È rimasto poco di quella protesta
oceanica, iniziata con un sit-in di una cinquantina di persone contro la
costruzione di un mega-centro commerciale, all’interno di una finta
caserma ottomana. Finì in un bagno di sangue: 11 morti, oltre ottomila
feriti, cinquemila arrestati in tutto il Paese. «Volevamo più diritti
civili, oggi ne abbiamo meno di allora. Sì, è stato un fallimento»,
riconosce Veli.
Un anno fa sono stati assolti i 26 portavoce della
Piattaforma Taksim, che rischiavano pesanti condanne per «appartenenza
ad un’organizzazione criminale». Fra di loro, l’architetta Mucella
Yanici, che è ancora molto attiva su twitter ma è assai più prudente:
«Dobbiamo essere calmi ora, né colpi di Stato né dittatura o fascismi.
Nessuno di questi vincerà, l’umanità e la pace vinceranno», assicura.
Berfin
Y., ingegnere che ai tempi frequentava l’università, è meno ottimista.

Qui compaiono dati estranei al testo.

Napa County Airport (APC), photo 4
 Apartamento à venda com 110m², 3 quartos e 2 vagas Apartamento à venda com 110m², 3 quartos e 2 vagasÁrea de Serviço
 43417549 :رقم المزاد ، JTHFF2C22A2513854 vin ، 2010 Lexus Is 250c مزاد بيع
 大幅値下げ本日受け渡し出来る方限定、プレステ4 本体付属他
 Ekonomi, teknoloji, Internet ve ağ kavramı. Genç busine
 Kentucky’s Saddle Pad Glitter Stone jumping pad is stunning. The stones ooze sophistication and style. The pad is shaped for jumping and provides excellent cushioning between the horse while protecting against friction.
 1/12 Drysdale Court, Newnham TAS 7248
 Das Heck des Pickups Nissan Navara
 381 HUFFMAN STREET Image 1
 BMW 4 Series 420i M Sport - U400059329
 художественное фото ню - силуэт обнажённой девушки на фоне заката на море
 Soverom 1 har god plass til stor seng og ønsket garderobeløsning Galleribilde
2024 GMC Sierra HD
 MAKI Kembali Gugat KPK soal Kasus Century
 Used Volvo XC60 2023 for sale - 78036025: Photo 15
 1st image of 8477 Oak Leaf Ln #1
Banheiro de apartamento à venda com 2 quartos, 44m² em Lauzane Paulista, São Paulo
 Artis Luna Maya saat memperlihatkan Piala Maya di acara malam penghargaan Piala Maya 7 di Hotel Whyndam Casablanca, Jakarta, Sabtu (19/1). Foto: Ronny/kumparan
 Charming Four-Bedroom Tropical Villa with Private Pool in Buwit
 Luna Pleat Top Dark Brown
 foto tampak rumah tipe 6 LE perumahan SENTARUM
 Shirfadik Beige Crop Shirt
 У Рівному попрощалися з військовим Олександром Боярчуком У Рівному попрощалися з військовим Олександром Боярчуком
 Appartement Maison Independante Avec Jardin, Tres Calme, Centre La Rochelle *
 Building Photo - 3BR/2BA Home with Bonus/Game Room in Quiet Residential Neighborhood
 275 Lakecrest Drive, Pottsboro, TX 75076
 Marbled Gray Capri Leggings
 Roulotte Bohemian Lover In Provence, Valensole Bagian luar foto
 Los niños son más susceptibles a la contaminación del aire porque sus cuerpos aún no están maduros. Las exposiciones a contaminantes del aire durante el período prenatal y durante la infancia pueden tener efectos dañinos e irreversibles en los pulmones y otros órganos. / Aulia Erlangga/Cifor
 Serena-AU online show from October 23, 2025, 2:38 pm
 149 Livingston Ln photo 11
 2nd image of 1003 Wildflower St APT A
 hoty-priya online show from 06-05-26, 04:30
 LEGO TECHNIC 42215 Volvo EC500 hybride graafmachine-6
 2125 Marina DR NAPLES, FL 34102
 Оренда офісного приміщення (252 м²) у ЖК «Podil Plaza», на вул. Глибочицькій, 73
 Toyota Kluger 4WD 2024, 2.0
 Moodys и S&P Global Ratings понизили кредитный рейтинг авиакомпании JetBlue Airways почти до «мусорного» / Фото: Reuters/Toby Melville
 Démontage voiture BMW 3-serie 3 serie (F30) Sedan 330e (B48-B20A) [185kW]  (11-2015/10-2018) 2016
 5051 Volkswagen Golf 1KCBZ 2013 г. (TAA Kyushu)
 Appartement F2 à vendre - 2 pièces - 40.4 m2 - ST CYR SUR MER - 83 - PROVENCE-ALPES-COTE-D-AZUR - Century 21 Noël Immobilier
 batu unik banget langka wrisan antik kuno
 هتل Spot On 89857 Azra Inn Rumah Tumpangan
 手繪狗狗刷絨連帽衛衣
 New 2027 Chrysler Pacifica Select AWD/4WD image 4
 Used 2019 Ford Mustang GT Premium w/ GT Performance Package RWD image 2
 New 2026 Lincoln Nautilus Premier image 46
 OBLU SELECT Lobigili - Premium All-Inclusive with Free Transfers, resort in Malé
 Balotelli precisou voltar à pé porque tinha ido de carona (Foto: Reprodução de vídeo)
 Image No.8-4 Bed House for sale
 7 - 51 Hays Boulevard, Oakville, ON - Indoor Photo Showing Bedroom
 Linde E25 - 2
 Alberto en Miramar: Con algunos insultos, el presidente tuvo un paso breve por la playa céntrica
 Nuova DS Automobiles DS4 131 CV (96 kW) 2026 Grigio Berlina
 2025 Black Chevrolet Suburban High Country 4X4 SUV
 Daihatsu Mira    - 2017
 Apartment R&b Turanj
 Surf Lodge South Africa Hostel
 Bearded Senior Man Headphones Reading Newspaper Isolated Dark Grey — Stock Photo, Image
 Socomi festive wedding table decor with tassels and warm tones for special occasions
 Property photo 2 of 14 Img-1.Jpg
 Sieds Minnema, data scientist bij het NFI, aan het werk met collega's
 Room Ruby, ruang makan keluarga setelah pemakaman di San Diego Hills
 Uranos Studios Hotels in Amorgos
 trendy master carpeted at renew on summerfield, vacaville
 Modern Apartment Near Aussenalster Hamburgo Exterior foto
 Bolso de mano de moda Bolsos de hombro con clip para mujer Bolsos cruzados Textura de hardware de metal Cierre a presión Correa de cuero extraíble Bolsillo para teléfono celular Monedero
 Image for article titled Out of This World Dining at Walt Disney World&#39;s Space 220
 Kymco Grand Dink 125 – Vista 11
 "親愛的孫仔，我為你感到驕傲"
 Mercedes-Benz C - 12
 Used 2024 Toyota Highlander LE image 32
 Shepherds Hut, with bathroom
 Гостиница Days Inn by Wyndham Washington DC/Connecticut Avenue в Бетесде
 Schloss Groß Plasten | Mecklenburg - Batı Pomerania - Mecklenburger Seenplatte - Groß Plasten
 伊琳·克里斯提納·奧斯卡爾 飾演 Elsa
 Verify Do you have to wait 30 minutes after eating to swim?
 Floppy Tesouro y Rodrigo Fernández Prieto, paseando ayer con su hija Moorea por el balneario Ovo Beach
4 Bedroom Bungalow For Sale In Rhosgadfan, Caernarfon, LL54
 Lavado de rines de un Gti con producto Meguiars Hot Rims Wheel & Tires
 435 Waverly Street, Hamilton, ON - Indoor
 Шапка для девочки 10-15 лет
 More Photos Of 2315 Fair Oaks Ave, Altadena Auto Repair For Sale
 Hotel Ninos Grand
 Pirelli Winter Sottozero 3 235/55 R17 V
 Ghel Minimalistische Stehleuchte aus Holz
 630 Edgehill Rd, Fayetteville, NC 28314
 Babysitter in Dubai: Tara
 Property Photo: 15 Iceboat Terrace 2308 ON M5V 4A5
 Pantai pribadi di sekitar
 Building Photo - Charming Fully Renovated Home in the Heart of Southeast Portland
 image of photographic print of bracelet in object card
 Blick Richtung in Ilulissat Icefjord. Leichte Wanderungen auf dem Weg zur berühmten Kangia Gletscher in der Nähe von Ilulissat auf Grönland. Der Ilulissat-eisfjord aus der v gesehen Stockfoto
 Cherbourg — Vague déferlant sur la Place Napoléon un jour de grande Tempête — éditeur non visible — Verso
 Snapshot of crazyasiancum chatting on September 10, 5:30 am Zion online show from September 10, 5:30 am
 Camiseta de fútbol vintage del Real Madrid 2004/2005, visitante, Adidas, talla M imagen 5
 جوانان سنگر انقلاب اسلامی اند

Ci mostra l’sms che le è arrivato l’altro giorno: un invito a
«manifestare per la democrazia», firmato dal governo della Turchia. «Non
so come abbiano avuto il mio numero — dice —. Ci chiamavano terroristi
perché scendevamo in piazza, spontaneamente, ora loro spingono la gente
in strada a manifestare. Che ironia!».
Nessuno degli ex
«indignati» turchi è favorevole al golpe — «la democrazia non è quello» —
ma il futuro che si profila è altrettanto buio. Per avere informazioni,
dicono in coro, usano solo twitter su cui si scambiano «tutto quello
che non passa più sui nostri giornali e telegiornali».
Mostrano le
foto di soldati poco più che adolescenti, forse di leva, pestati sul
ponte del Bosforo. «La polizia ha permesso ai sostenitori di Erdogan di
picchiarli selvaggiamente. È l’esercito privato dell’Akp (il partito del
presidente, ndr), e li chiamano “protettori della democrazia”».
I
sit-in del Gezi Park sono un sogno lontano. «I nostri genitori
all’inizio avevano paura: loro avevano vissuto il golpe del 1980 e
volevano proteggerci, per questo la nostra è stata a lungo una
generazione apolitica — spiega Boris Kaleoglu, 26 anni —. Ma a Gezi Park
abbiamo scoperto il nostro potere e quello dei social network. I nostri
genitori sono cambiati assieme a noi: ricordo che mia madre un giorno
mi inseguì sul pianerottolo per darmi dei limoni, “così il gas al
peperoncino non ti brucerà gli occhi”».
Poi sono arrivati i
violenti, gli infiltrati, i morti. Un paio di settimane fa, Erdogan è
tornato a parlare di Gezi Park, rilanciando il progetto: «Dobbiamo
essere coraggiosi», ha detto. Online è scattata la risposta di ciò che
resta di Taksim Solidarity, la sigla-ombrello del 2013: «Noi siamo
ancora qui. E se loro vogliono tornare a tagliare gli alberi e occupare
Gezi avranno bisogno di molte più ruspe per spostarci».
Stavolta,
probabilmente, pochi risponderanno all’appello. «Soprattutto ora, dopo
il tentato golpe, non sarà più possibile un altro Gezi Park. Mezza
Turchia sarebbe contro di noi — conclude Boris —. Era così anche allora
ma oggi la violenza è accettata, normale». Una dittatura? Qualcuno, in
silenzio, annuisce chinando il capo.